— About this exercise —
Print out every entry, keeping each line identical to the original.

◆ ◆ ◆ ◆ ◆ ◆ ◆

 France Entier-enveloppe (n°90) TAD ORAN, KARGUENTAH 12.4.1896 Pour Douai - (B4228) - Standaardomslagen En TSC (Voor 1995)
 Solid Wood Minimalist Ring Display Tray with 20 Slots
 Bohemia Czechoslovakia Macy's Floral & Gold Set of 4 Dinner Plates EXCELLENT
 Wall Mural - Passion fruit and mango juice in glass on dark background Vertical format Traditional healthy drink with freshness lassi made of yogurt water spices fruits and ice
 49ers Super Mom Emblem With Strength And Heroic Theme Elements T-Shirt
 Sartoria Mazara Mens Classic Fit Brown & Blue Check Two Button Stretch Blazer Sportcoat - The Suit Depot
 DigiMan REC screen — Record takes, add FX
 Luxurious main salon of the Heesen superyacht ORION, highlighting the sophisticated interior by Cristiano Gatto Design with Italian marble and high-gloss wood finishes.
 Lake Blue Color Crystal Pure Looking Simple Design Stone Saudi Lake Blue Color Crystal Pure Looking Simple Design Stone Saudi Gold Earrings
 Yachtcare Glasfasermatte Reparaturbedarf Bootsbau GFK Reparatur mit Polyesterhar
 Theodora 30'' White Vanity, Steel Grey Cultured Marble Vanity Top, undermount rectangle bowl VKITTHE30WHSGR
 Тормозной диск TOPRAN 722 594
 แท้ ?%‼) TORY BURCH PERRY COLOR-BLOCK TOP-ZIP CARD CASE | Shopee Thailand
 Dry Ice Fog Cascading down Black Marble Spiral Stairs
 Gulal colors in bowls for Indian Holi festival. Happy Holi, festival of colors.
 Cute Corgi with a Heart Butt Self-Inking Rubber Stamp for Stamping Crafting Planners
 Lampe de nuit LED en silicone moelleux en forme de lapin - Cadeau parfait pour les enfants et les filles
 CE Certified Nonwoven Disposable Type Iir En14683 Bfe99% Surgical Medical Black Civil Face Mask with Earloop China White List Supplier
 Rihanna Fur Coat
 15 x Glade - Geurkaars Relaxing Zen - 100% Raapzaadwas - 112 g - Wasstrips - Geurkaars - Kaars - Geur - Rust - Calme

◆ ◆ ◆ ◆ ◆ ◆ ◆

— Finished exercise —
 France Entier-enveloppe (n°90) TAD ORAN, KARGUENTAH 12.4.1896 Pour Douai - (B4228) - Standaardomslagen En TSC (Voor 1995)
 Solid Wood Minimalist Ring Display Tray with 20 Slots
 Bohemia Czechoslovakia Macy's Floral & Gold Set of 4 Dinner Plates EXCELLENT
 Wall Mural - Passion fruit and mango juice in glass on dark background Vertical format Traditional healthy drink with freshness lassi made of yogurt water spices fruits and ice
 49ers Super Mom Emblem With Strength And Heroic Theme Elements T-Shirt
 Sartoria Mazara Mens Classic Fit Brown & Blue Check Two Button Stretch Blazer Sportcoat - The Suit Depot
 DigiMan REC screen — Record takes, add FX
 Luxurious main salon of the Heesen superyacht ORION, highlighting the sophisticated interior by Cristiano Gatto Design with Italian marble and high-gloss wood finishes.
 Lake Blue Color Crystal Pure Looking Simple Design Stone Saudi Lake Blue Color Crystal Pure Looking Simple Design Stone Saudi Gold Earrings
 Yachtcare Glasfasermatte Reparaturbedarf Bootsbau GFK Reparatur mit Polyesterhar
 Theodora 30'' White Vanity, Steel Grey Cultured Marble Vanity Top, undermount rectangle bowl VKITTHE30WHSGR
 Тормозной диск TOPRAN 722 594
 แท้ ?%‼) TORY BURCH PERRY COLOR-BLOCK TOP-ZIP CARD CASE | Shopee Thailand
 Dry Ice Fog Cascading down Black Marble Spiral Stairs
 Gulal colors in bowls for Indian Holi festival. Happy Holi, festival of colors.
 Cute Corgi with a Heart Butt Self-Inking Rubber Stamp for Stamping Crafting Planners
 Lampe de nuit LED en silicone moelleux en forme de lapin - Cadeau parfait pour les enfants et les filles
 CE Certified Nonwoven Disposable Type Iir En14683 Bfe99% Surgical Medical Black Civil Face Mask with Earloop China White List Supplier
 Rihanna Fur Coat
 15 x Glade - Geurkaars Relaxing Zen - 100% Raapzaadwas - 112 g - Wasstrips - Geurkaars - Kaars - Geur - Rust - Calme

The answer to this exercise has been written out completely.